RECORDED INFORMATION:
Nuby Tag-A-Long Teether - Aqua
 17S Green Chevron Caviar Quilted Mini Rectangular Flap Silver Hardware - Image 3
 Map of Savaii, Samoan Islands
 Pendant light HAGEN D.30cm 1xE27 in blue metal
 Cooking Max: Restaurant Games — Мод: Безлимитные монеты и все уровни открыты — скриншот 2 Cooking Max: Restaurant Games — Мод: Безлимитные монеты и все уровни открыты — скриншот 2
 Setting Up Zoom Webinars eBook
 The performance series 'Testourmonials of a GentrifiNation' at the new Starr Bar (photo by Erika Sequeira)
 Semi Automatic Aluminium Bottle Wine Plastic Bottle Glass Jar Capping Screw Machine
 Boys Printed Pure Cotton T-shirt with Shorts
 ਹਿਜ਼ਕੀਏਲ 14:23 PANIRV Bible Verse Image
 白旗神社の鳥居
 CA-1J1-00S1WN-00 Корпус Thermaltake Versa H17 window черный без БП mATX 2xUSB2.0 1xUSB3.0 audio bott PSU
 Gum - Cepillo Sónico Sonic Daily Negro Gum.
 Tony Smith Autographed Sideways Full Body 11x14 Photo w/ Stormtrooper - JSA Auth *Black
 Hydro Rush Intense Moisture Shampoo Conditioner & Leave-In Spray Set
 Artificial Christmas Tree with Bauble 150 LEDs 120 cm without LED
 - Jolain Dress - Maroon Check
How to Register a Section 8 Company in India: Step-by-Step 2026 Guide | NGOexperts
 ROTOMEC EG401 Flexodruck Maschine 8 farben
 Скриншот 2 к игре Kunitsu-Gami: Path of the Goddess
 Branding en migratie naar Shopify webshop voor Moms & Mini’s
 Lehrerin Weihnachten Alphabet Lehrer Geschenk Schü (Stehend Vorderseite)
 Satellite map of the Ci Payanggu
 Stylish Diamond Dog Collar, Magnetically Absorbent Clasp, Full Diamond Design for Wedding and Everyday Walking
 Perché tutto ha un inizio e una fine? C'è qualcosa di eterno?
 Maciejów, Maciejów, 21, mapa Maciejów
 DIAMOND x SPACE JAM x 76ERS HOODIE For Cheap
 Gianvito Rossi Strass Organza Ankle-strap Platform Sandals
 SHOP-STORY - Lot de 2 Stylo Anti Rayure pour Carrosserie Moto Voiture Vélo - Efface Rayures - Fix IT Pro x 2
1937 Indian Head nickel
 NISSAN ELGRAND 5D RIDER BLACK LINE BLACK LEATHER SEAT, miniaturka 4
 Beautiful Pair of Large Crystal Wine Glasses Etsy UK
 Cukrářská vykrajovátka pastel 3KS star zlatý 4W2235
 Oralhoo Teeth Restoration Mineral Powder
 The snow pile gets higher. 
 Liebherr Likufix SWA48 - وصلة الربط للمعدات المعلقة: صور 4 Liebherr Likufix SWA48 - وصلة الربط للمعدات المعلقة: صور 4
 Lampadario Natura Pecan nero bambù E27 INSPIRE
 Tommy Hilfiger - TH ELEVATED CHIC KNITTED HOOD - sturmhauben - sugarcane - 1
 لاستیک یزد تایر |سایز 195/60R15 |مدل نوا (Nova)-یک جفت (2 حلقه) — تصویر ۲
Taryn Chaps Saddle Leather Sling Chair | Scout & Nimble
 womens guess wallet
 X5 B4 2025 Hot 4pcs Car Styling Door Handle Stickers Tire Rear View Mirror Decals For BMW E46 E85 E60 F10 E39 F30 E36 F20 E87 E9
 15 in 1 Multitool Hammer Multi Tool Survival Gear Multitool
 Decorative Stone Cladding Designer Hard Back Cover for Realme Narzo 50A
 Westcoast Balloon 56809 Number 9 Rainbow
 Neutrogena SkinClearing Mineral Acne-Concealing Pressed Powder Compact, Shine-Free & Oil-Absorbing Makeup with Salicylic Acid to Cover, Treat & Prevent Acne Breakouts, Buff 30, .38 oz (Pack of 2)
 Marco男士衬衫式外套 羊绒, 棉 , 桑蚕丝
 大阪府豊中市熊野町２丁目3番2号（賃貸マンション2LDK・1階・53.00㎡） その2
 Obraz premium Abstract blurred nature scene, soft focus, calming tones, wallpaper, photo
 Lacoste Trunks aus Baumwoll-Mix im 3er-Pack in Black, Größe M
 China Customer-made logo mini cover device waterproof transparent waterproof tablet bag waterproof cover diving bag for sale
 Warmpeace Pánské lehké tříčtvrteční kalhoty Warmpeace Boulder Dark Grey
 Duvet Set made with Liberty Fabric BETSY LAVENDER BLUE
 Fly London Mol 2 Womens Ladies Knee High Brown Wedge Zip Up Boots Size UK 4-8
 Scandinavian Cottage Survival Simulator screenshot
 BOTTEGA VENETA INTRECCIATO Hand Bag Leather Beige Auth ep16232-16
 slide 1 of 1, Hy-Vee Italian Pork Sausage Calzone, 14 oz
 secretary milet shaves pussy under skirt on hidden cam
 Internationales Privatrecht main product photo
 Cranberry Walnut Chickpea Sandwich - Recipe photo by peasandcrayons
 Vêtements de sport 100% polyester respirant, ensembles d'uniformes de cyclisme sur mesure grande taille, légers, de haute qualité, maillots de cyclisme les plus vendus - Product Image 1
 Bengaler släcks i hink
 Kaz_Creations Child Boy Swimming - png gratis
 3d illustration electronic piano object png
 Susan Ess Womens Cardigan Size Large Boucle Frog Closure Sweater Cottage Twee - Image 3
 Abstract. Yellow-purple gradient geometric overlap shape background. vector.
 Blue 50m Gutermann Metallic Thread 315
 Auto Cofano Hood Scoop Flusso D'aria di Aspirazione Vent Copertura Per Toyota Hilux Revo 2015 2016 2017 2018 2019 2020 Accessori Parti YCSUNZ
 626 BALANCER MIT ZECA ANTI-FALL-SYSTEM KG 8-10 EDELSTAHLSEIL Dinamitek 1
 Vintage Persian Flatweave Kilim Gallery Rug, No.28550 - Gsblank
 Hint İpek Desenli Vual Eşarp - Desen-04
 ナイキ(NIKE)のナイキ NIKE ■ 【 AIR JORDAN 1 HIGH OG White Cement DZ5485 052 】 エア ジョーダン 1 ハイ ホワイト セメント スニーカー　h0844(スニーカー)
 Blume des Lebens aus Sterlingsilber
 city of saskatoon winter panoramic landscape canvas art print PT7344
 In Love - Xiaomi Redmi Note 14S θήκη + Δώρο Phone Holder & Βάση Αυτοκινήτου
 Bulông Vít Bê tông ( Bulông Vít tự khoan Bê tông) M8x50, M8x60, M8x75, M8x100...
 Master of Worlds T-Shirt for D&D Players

WORK TASK:
Transcribe the records exactly as given.

ANSWER TO THE PROBLEM:
Nuby Tag-A-Long Teether - Aqua
 17S Green Chevron Caviar Quilted Mini Rectangular Flap Silver Hardware - Image 3
 Map of Savaii, Samoan Islands
 Pendant light HAGEN D.30cm 1xE27 in blue metal
 Cooking Max: Restaurant Games — Мод: Безлимитные монеты и все уровни открыты — скриншот 2 Cooking Max: Restaurant Games — Мод: Безлимитные монеты и все уровни открыты — скриншот 2
 Setting Up Zoom Webinars eBook
 The performance series 'Testourmonials of a GentrifiNation' at the new Starr Bar (photo by Erika Sequeira)
 Semi Automatic Aluminium Bottle Wine Plastic Bottle Glass Jar Capping Screw Machine
 Boys Printed Pure Cotton T-shirt with Shorts
 ਹਿਜ਼ਕੀਏਲ 14:23 PANIRV Bible Verse Image
 白旗神社の鳥居
 CA-1J1-00S1WN-00 Корпус Thermaltake Versa H17 window черный без БП mATX 2xUSB2.0 1xUSB3.0 audio bott PSU
 Gum - Cepillo Sónico Sonic Daily Negro Gum.
 Tony Smith Autographed Sideways Full Body 11x14 Photo w/ Stormtrooper - JSA Auth *Black
 Hydro Rush Intense Moisture Shampoo Conditioner & Leave-In Spray Set
 Artificial Christmas Tree with Bauble 150 LEDs 120 cm without LED
 - Jolain Dress - Maroon Check
How to Register a Section 8 Company in India: Step-by-Step 2026 Guide | NGOexperts
 ROTOMEC EG401 Flexodruck Maschine 8 farben
 Скриншот 2 к игре Kunitsu-Gami: Path of the Goddess
 Branding en migratie naar Shopify webshop voor Moms & Mini’s
 Lehrerin Weihnachten Alphabet Lehrer Geschenk Schü (Stehend Vorderseite)
 Satellite map of the Ci Payanggu
 Stylish Diamond Dog Collar, Magnetically Absorbent Clasp, Full Diamond Design for Wedding and Everyday Walking
 Perché tutto ha un inizio e una fine? C'è qualcosa di eterno?
 Maciejów, Maciejów, 21, mapa Maciejów
 DIAMOND x SPACE JAM x 76ERS HOODIE For Cheap
 Gianvito Rossi Strass Organza Ankle-strap Platform Sandals
 SHOP-STORY - Lot de 2 Stylo Anti Rayure pour Carrosserie Moto Voiture Vélo - Efface Rayures - Fix IT Pro x 2
1937 Indian Head nickel
 NISSAN ELGRAND 5D RIDER BLACK LINE BLACK LEATHER SEAT, miniaturka 4
 Beautiful Pair of Large Crystal Wine Glasses Etsy UK
 Cukrářská vykrajovátka pastel 3KS star zlatý 4W2235
 Oralhoo Teeth Restoration Mineral Powder
 The snow pile gets higher. 
 Liebherr Likufix SWA48 - وصلة الربط للمعدات المعلقة: صور 4 Liebherr Likufix SWA48 - وصلة الربط للمعدات المعلقة: صور 4
 Lampadario Natura Pecan nero bambù E27 INSPIRE
 Tommy Hilfiger - TH ELEVATED CHIC KNITTED HOOD - sturmhauben - sugarcane - 1
 لاستیک یزد تایر |سایز 195/60R15 |مدل نوا (Nova)-یک جفت (2 حلقه) — تصویر ۲
Taryn Chaps Saddle Leather Sling Chair | Scout & Nimble
 womens guess wallet
 X5 B4 2025 Hot 4pcs Car Styling Door Handle Stickers Tire Rear View Mirror Decals For BMW E46 E85 E60 F10 E39 F30 E36 F20 E87 E9
 15 in 1 Multitool Hammer Multi Tool Survival Gear Multitool
 Decorative Stone Cladding Designer Hard Back Cover for Realme Narzo 50A
 Westcoast Balloon 56809 Number 9 Rainbow
 Neutrogena SkinClearing Mineral Acne-Concealing Pressed Powder Compact, Shine-Free & Oil-Absorbing Makeup with Salicylic Acid to Cover, Treat & Prevent Acne Breakouts, Buff 30, .38 oz (Pack of 2)
 Marco男士衬衫式外套 羊绒, 棉 , 桑蚕丝
 大阪府豊中市熊野町２丁目3番2号（賃貸マンション2LDK・1階・53.00㎡） その2
 Obraz premium Abstract blurred nature scene, soft focus, calming tones, wallpaper, photo
 Lacoste Trunks aus Baumwoll-Mix im 3er-Pack in Black, Größe M
 China Customer-made logo mini cover device waterproof transparent waterproof tablet bag waterproof cover diving bag for sale
 Warmpeace Pánské lehké tříčtvrteční kalhoty Warmpeace Boulder Dark Grey
 Duvet Set made with Liberty Fabric BETSY LAVENDER BLUE
 Fly London Mol 2 Womens Ladies Knee High Brown Wedge Zip Up Boots Size UK 4-8
 Scandinavian Cottage Survival Simulator screenshot
 BOTTEGA VENETA INTRECCIATO Hand Bag Leather Beige Auth ep16232-16
 slide 1 of 1, Hy-Vee Italian Pork Sausage Calzone, 14 oz
 secretary milet shaves pussy under skirt on hidden cam
 Internationales Privatrecht main product photo
 Cranberry Walnut Chickpea Sandwich - Recipe photo by peasandcrayons
 Vêtements de sport 100% polyester respirant, ensembles d'uniformes de cyclisme sur mesure grande taille, légers, de haute qualité, maillots de cyclisme les plus vendus - Product Image 1
 Bengaler släcks i hink
 Kaz_Creations Child Boy Swimming - png gratis
 3d illustration electronic piano object png
 Susan Ess Womens Cardigan Size Large Boucle Frog Closure Sweater Cottage Twee - Image 3
 Abstract. Yellow-purple gradient geometric overlap shape background. vector.
 Blue 50m Gutermann Metallic Thread 315
 Auto Cofano Hood Scoop Flusso D'aria di Aspirazione Vent Copertura Per Toyota Hilux Revo 2015 2016 2017 2018 2019 2020 Accessori Parti YCSUNZ
 626 BALANCER MIT ZECA ANTI-FALL-SYSTEM KG 8-10 EDELSTAHLSEIL Dinamitek 1
 Vintage Persian Flatweave Kilim Gallery Rug, No.28550 - Gsblank
 Hint İpek Desenli Vual Eşarp - Desen-04
 ナイキ(NIKE)のナイキ NIKE ■ 【 AIR JORDAN 1 HIGH OG White Cement DZ5485 052 】 エア ジョーダン 1 ハイ ホワイト セメント スニーカー　h0844(スニーカー)
 Blume des Lebens aus Sterlingsilber
 city of saskatoon winter panoramic landscape canvas art print PT7344
 In Love - Xiaomi Redmi Note 14S θήκη + Δώρο Phone Holder & Βάση Αυτοκινήτου
 Bulông Vít Bê tông ( Bulông Vít tự khoan Bê tông) M8x50, M8x60, M8x75, M8x100...
 Master of Worlds T-Shirt for D&D Players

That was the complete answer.